The proposed algorithm is thus to calculate the initial score and the time (X position) of the next change in differential. Go to that next position and calculate the score again. Continue until you reach your starting position.
This is probably a good example for the iterative closest point (ICP) algorithm:
It repeatedly matches each point with its closest neighbor and moves all points such that the mean squared distance is minimized. (Note that this corresponds to minimizing the sum of squared distances.)
import pylab as pl
T = 10.0
X = pl.array([3, 5.5, 6])
Y = pl.array([1, 1.5, 2, 4])
pl.subplot(1, 2, 1, polar=True)
pl.plot(X / T * 2 * pl.pi, pl.ones(X.shape), 'r.', ms=10, mew=3)
pl.plot(Y / T * 2 * pl.pi, pl.ones(Y.shape), 'b+', ms=10, mew=3)

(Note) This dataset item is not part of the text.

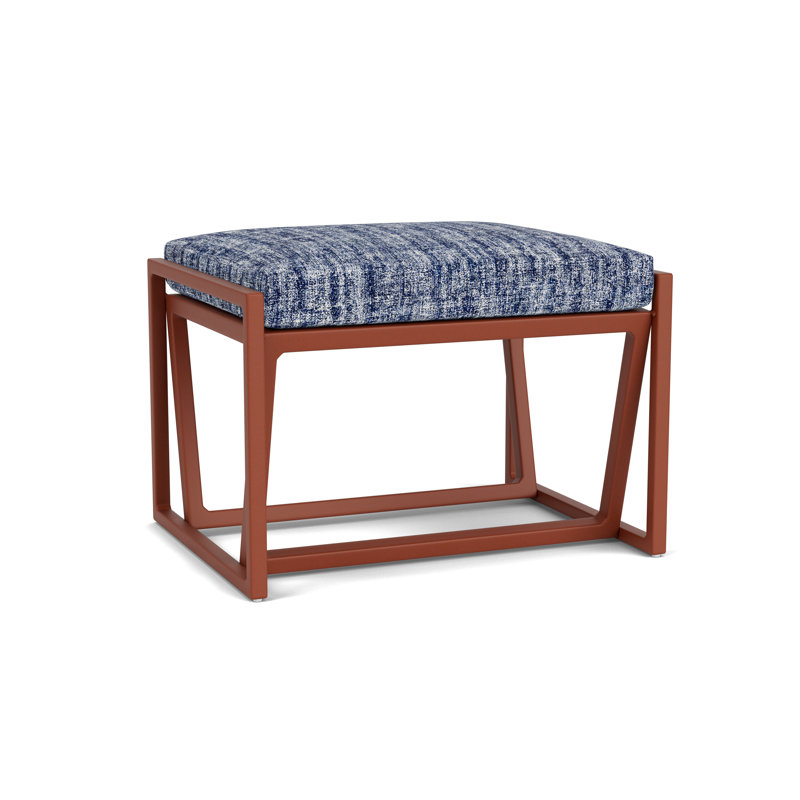 Summit Outdoor Ottoman, Woodland, Visions Cobalt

circDist = lambda X, Y: (Y - X + T / 2) % T - T / 2
while True:
D = circDist(pl.reshape(X, (-1, 1)), pl.reshape(Y, (1, -1)))
closestY = pl.argmin(D**2, axis = 1)
distance = circDist(X, Y[closestY])
shift = pl.mean(distance)
if pl.absolute(shift) < 1e-3:
X = (X + shift) % T
pl.subplot(1, 2, 2, polar=True)
pl.plot(X / T * 2 * pl.pi, pl.ones(X.shape), 'r.', ms=10, mew=3)
pl.plot(Y / T * 2 * pl.pi, pl.ones(Y.shape), 'b+', ms=10, mew=3)
Important properties of the proposed solution are:
The ICP is an iterative algorithm. Thus it depends on an initial approximate solution. Furthermore, it won't always converge to the global optimum. This mainly depends on your data and the initial solution. If in doubt, try evaluating the ICP with different starting configurations and choose the most frequent result.
The current implementation performs a directed match: It looks for the closest point in Y relative to each point in X. It might yield different matches when swapping X and Y.
Computing all pair-wise distances between points in X and points in Y might be intractable for large point clouds (like 20,000 points, as you indicated). Therefore, the line D = circDist(...) might get replaced by a more efficient approach, e.g. not evaluating all possible pairs.
All points contribute to the final rotation. If there are any outliers, they might distort the shift significantly. This can be overcome with a robust average like the median or simply by excluding points with large distance.